1967 civil disobedience in Baltimore, Maryland, US

The Baltimore Four were four Catholic peace activists who poured blood on draft files at the Baltimore Customs House to protest the Vietnam War on October 17, 1967. This action was the immediate predecessor to and direct inspiration for The Catonsville Nine, both of which were led by Roman Catholic priest and peace activist Philip Berrigan.

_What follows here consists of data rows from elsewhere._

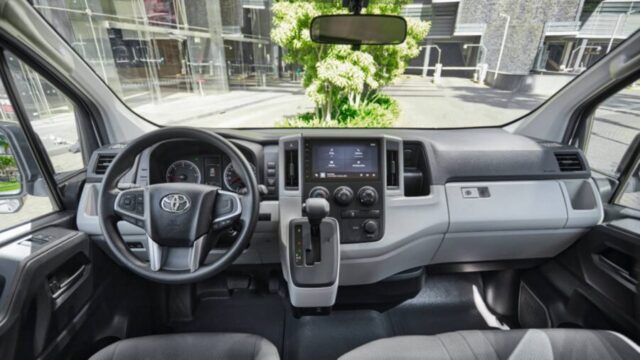 Toyota Hiace 2026 brasil interior painel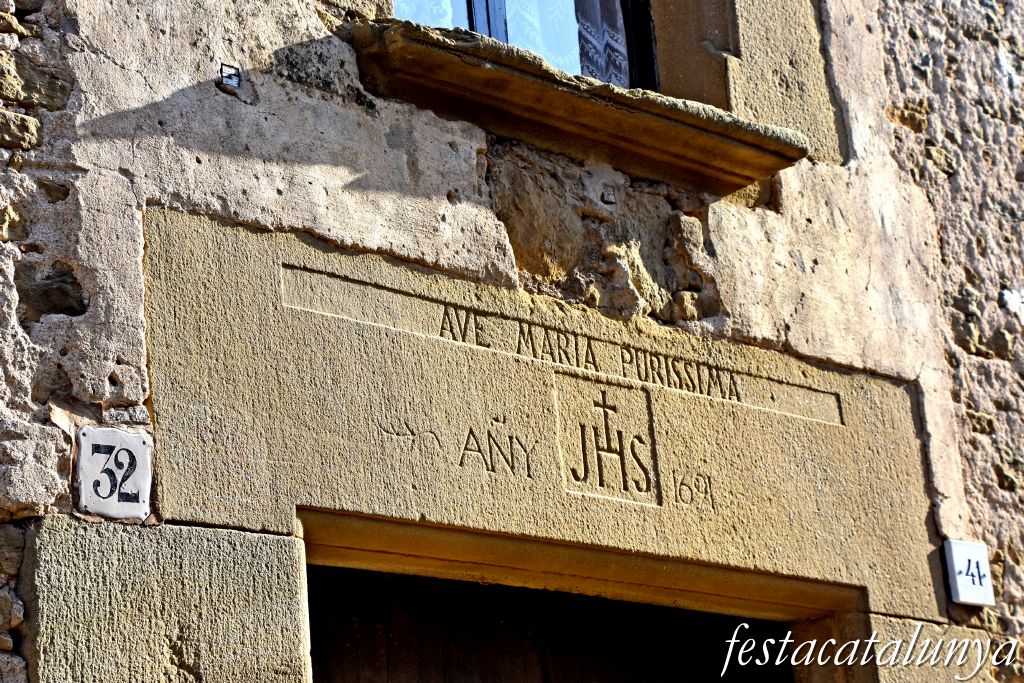 Folgueroles - Llindes i decoracions de les façanes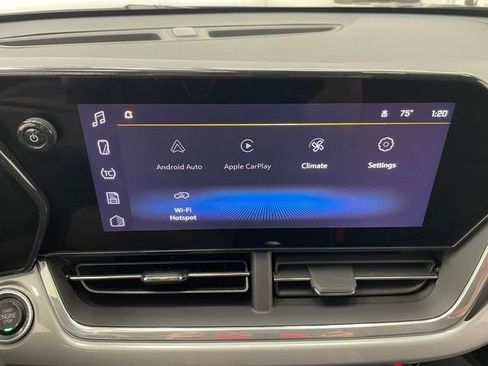 Certified 2024 Chevrolet Trax LT w/ Driver Confidence Package FWD image 3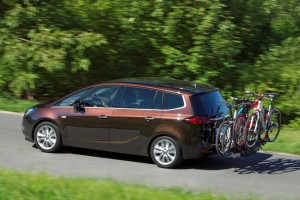 Opel apoya el ECOTRIMAD 2012 como coche oficial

The Four were (alphabetically):
- Father Philip Berrigan, 44 a Josephite priest from St. Peter Claver, a majority-Black Catholic church in Baltimore
- David Eberhardt, 26, a poet and peace activist, secretary of the Baltimore Interfaith Peace Mission
- Tom Lewis, 27, an artist and peace activist
- Rev. James L. Mengel III, 38, a US Air Force veteran and United Church of Christ minister

==Custom House Raid==
The four men raided the Baltimore City Custom House and poured blood on draft records. They did this to protest the involuntary drafting of civilian young men in the Vietnam War. Pouring blood was Berrigan's idea, later saying he was protesting "the pitiful waste of American and Vietnamese blood in Indochina." Tom Lewis told oral historian Rosalie Riegle that the blood dripping from draft files was meant to symbolize the blood on both sides of the conflict in Vietnam. He called it "a Biblical symbol and a healing symbol." Mengel donated blood, but he chose not to pour it. Instead he gave out copies of the New Testament. Eberhardt also joined Mengel in handing out religious literature, and a clerk testified at their trial that she crumpled up the pamphlets and threw them back in the two mens' faces. They published a statement on their action in the Catholic Peace Fellowship Bulletin, explaining that they chose an inner-city draft board because "America would rather protect its empire of overseas profits than welcome its black people, rebuild its slums and cleanse its air and water." They also called Vietnam "a rich man's war and a poor man's fight," echoing future charges that even after the US eliminated the draft, it retained an "economic draft" by conscripting lower-income recruits who needed the money, the training, and the job benefits, and who could not afford to evade service.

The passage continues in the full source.